*** Opening Source data ***
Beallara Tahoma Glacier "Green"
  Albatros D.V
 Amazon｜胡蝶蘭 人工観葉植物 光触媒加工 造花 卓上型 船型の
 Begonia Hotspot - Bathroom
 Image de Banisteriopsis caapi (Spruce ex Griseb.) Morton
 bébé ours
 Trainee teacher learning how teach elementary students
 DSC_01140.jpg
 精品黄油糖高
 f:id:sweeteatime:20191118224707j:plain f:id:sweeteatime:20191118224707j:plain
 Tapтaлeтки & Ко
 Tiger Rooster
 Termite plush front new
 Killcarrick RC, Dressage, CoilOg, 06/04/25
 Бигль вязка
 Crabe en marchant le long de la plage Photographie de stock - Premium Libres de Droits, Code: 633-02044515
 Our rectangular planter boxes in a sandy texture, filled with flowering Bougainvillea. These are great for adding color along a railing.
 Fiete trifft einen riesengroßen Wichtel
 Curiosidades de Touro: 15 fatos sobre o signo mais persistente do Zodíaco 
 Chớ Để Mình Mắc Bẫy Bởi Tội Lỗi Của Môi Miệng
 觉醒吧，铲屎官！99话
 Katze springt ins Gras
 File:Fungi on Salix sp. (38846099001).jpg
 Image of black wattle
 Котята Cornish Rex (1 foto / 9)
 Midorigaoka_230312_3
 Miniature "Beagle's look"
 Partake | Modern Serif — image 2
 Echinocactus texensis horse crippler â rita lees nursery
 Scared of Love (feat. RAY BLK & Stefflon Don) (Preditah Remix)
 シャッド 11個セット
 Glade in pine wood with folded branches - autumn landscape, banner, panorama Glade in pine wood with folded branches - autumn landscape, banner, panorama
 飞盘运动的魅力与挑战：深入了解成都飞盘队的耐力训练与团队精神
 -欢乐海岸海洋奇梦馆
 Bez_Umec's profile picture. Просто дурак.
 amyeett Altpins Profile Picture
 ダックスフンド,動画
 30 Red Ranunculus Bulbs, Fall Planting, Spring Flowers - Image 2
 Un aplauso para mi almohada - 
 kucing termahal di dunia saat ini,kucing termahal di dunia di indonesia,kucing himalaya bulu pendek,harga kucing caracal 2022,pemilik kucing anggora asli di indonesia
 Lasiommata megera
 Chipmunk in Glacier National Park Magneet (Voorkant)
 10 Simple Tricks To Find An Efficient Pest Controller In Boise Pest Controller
*** Closing Source data ***
Everything starting at the line containing "Chớ Để Mình" and ending at the line containing "Lasiommata megera" in the records above should be repeated exactly, and only that.

 Chớ Để Mình Mắc Bẫy Bởi Tội Lỗi Của Môi Miệng
 觉醒吧，铲屎官！99话
 Katze springt ins Gras
 File:Fungi on Salix sp. (38846099001).jpg
 Image of black wattle
 Котята Cornish Rex (1 foto / 9)
 Midorigaoka_230312_3
 Miniature "Beagle's look"
 Partake | Modern Serif — image 2
 Echinocactus texensis horse crippler â rita lees nursery
 Scared of Love (feat. RAY BLK & Stefflon Don) (Preditah Remix)
 シャッド 11個セット
 Glade in pine wood with folded branches - autumn landscape, banner, panorama Glade in pine wood with folded branches - autumn landscape, banner, panorama
 飞盘运动的魅力与挑战：深入了解成都飞盘队的耐力训练与团队精神
 -欢乐海岸海洋奇梦馆
 Bez_Umec's profile picture. Просто дурак.
 amyeett Altpins Profile Picture
 ダックスフンド,動画
 30 Red Ranunculus Bulbs, Fall Planting, Spring Flowers - Image 2
 Un aplauso para mi almohada - 
 kucing termahal di dunia saat ini,kucing termahal di dunia di indonesia,kucing himalaya bulu pendek,harga kucing caracal 2022,pemilik kucing anggora asli di indonesia
 Lasiommata megera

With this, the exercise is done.